▶ _EXERCISE PROMPT_
Excluding pictures, retype exactly the lines from the one with "Un momento della" through the end of the records that follow.

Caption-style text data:
>>>>>

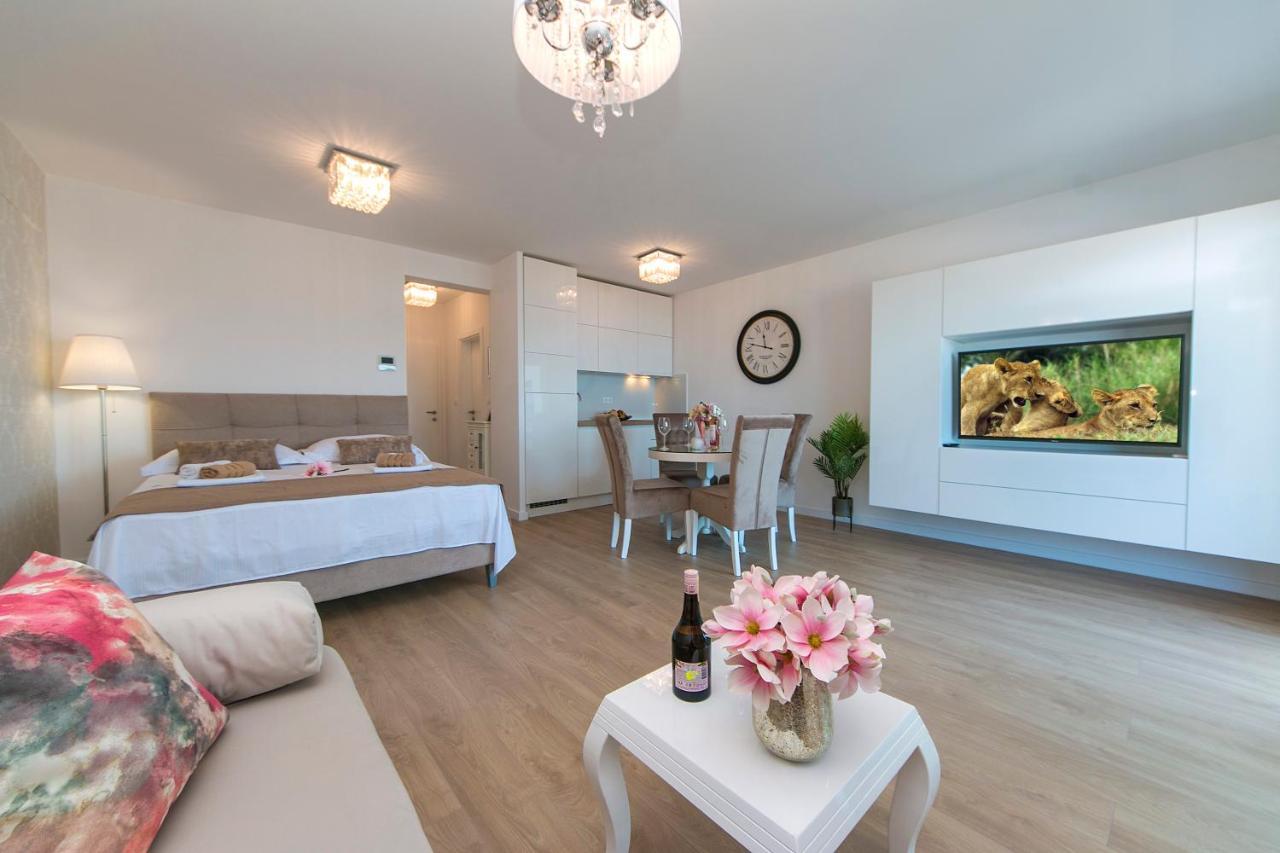 Apartman Sunshine Apartment Makarska Ngoại thất bức ảnh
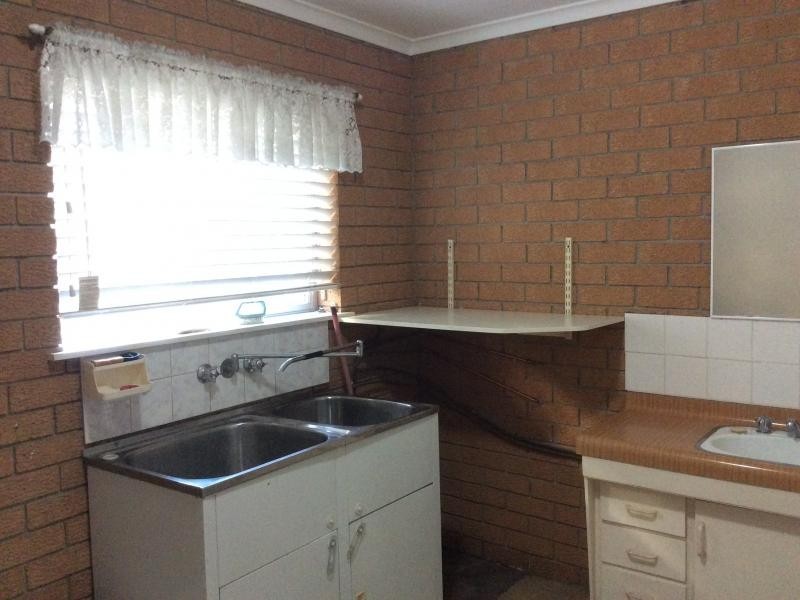 99 Ernest Street, Manly QLD 4179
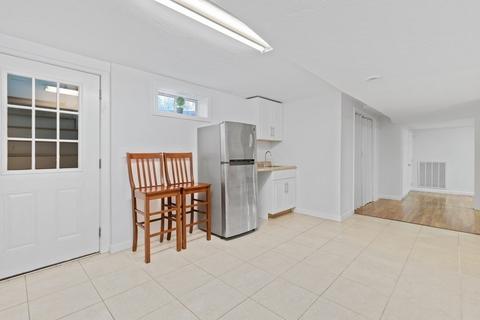 30 Wellesley Cir, Barnstable, MA 02601 photo 24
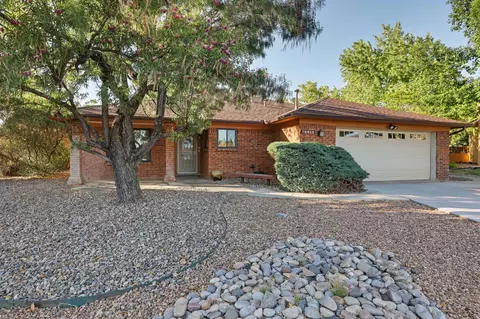 8813 Brandywine Rd NE, Albuquerque, NM 87111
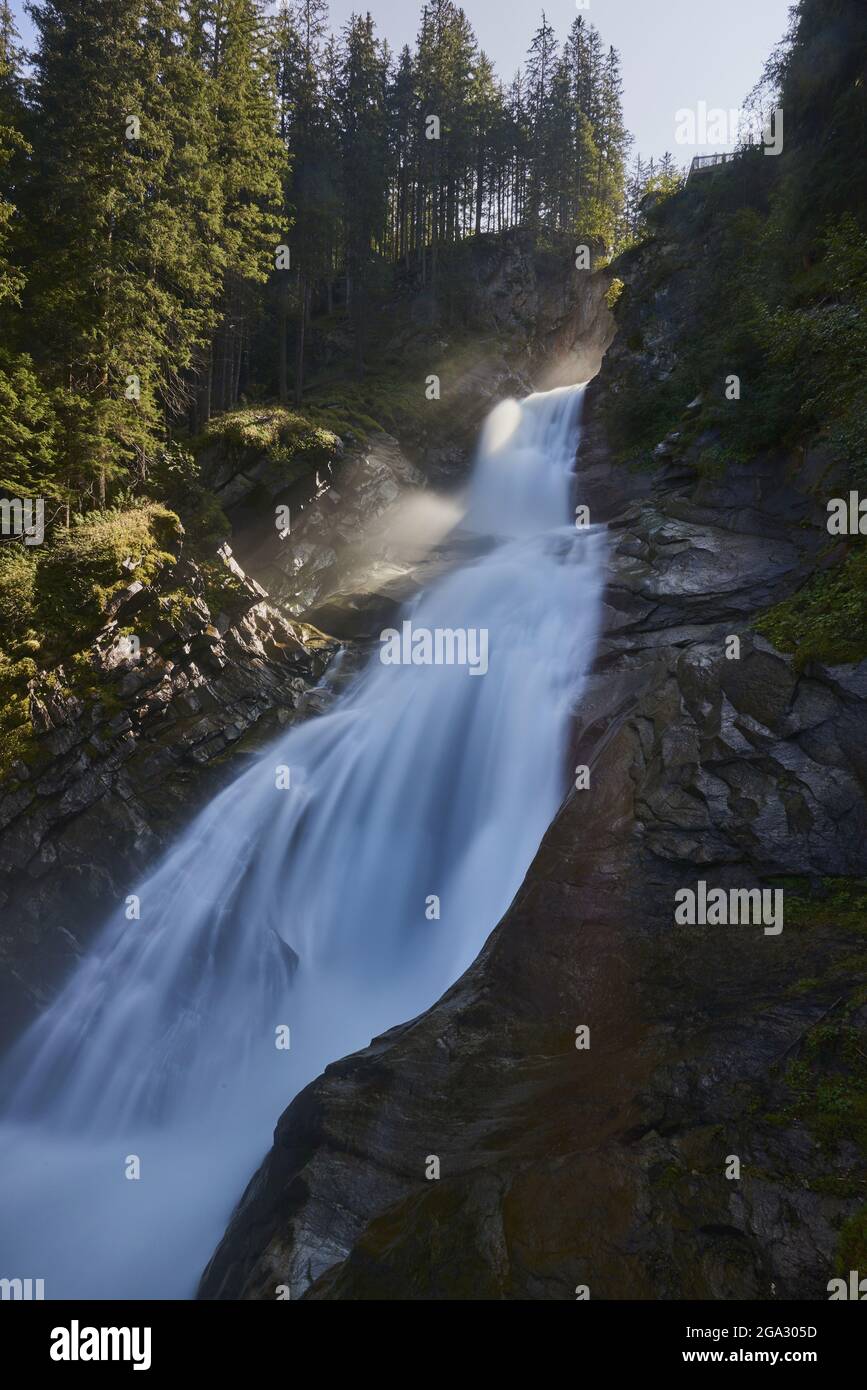 Cascate di Krimml con luce del sole nebulosa; Stato di Salisburgo, Austria Foto Stock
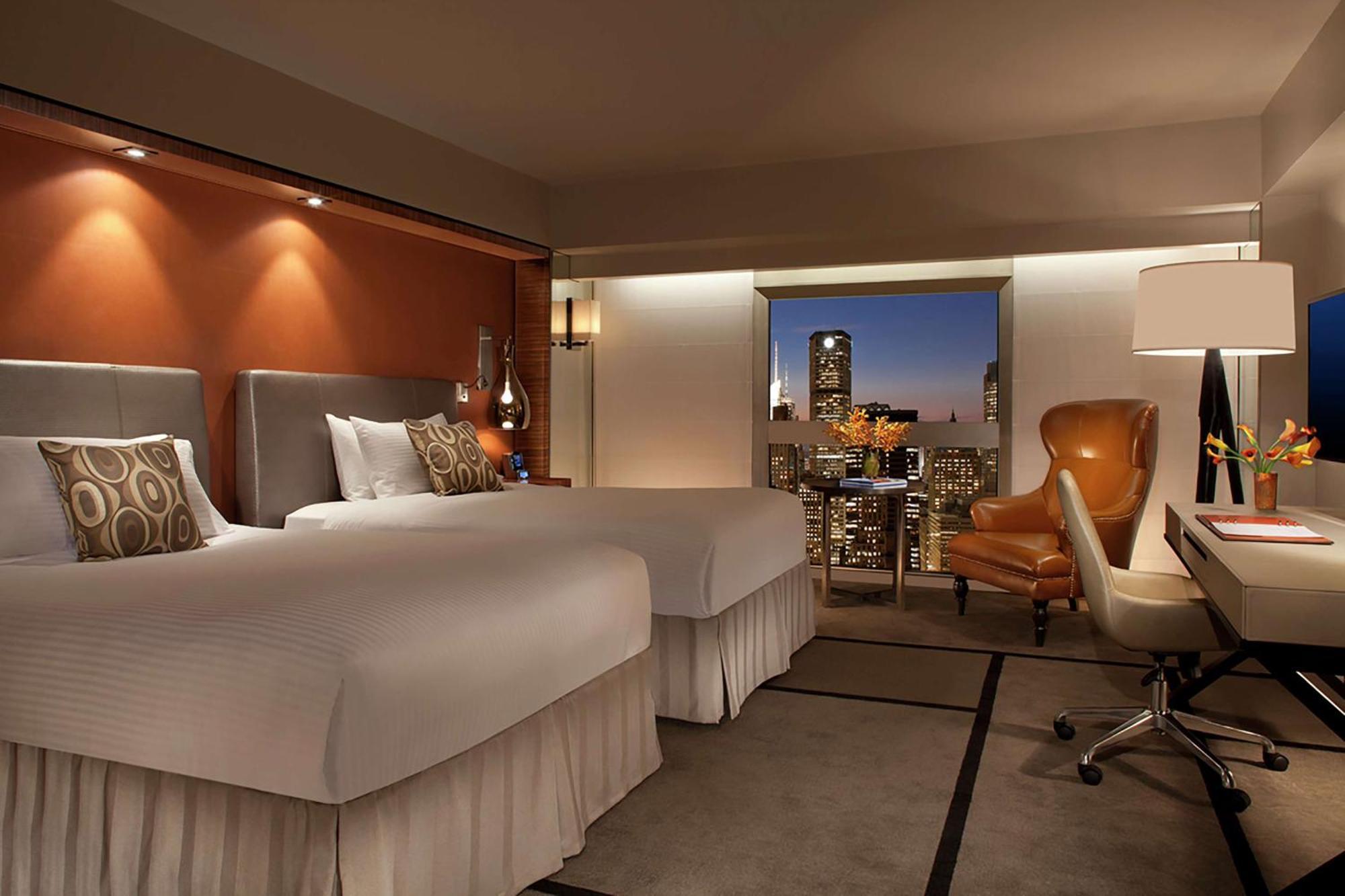 Millennium Hilton New York One Un Plaza Hotel Bagian luar foto
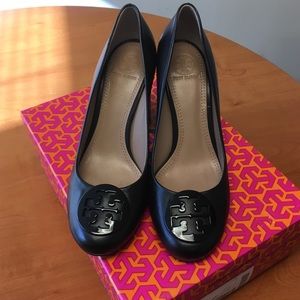 Tory Burch Mestico logo pump size 8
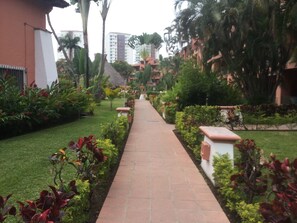 Property grounds - Rare, 1 Bedroom Condo in the Marina, Pool, Marina Boardwalk and Golf Course (Puerto vallarta)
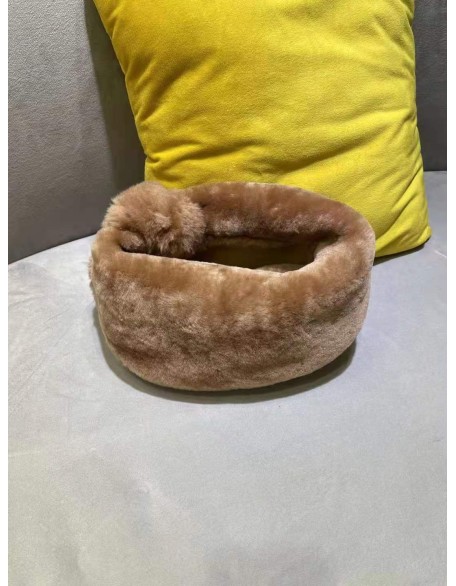 Wholesale Fashion Cute Real sheep Fur handbags woman bags luxury famous brands fur women bag with fur handle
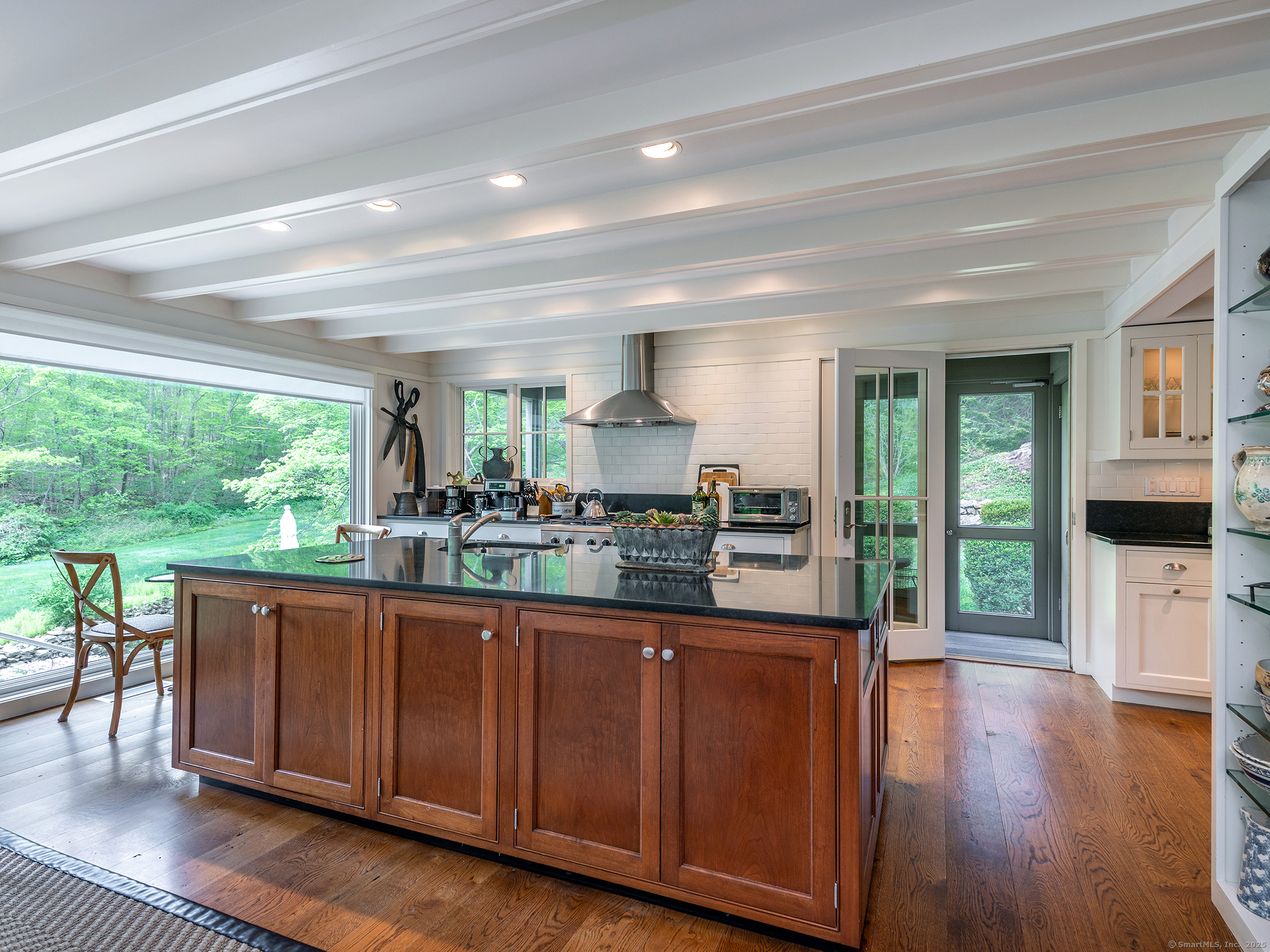 39 Painter Hill, Woodbury, Connecticut 06798
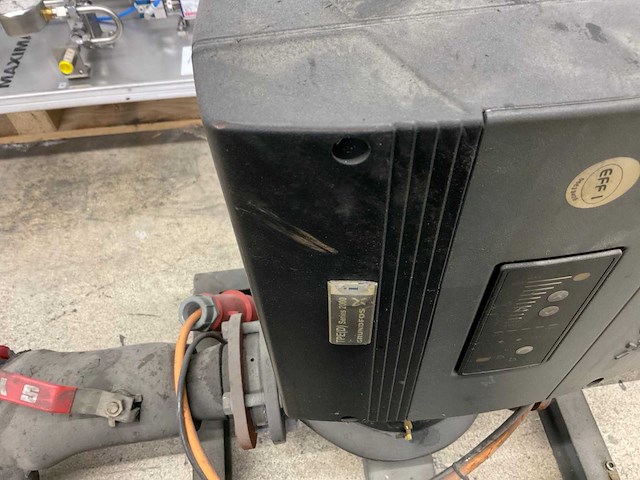 Grundfos mge132sd2-ff265-d1 centrifugaalpomp op skid (2x) - afbeelding 4 van  8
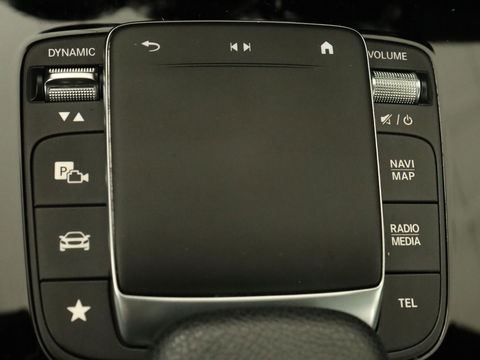 Mercedes-Benz A-Klasse 180 Business Solution | Carplay | Camera | Adaptive cruise | Automaat | Navigatie | Lane asssist | LED | Stoelverwarming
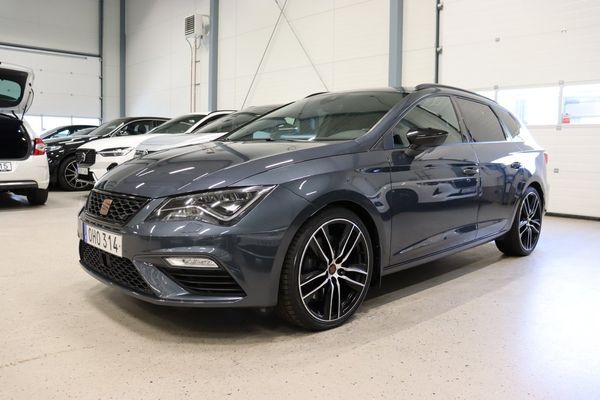 Seat Leon ST Cupra ST 2.0 TSI 4Drive Pano Beats B-Kam 301hk - 2019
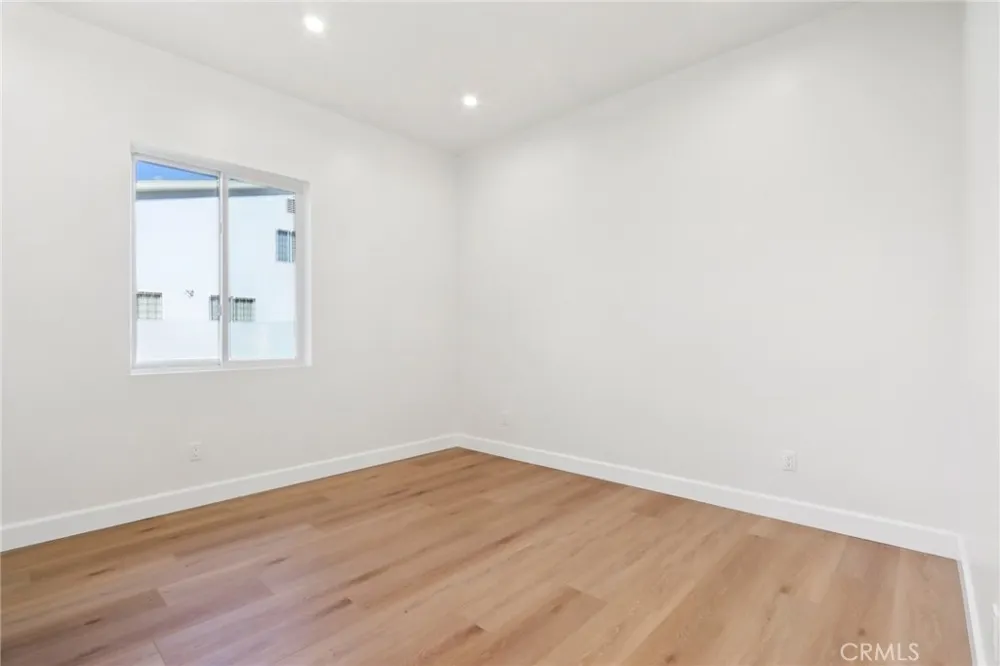 14931 Vose Street Van Nuys, CA 91405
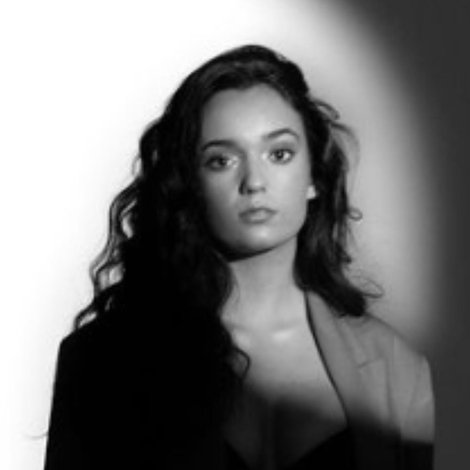 Uxía Suevos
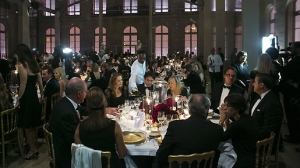 Un momento della cena di gala alla Scuola di Belle Arti a Parigi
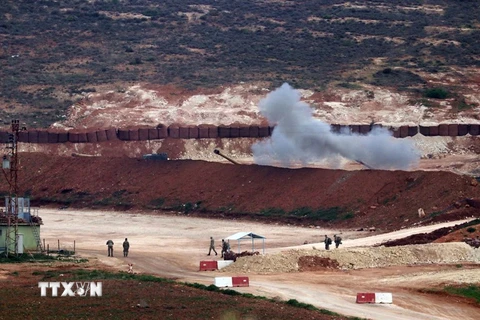  Đạn pháo được bắn về phía Syria từ thị trấn Reyhanli, tỉnh Hatay, Thổ Nhĩ Kỳ ngày 12/2. (Nguồn: THX/TTXVN)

<<<<<

▶ _EXPECTED ANSWER_
 Un momento della cena di gala alla Scuola di Belle Arti a Parigi
  Đạn pháo được bắn về phía Syria từ thị trấn Reyhanli, tỉnh Hatay, Thổ Nhĩ Kỳ ngày 12/2. (Nguồn: THX/TTXVN)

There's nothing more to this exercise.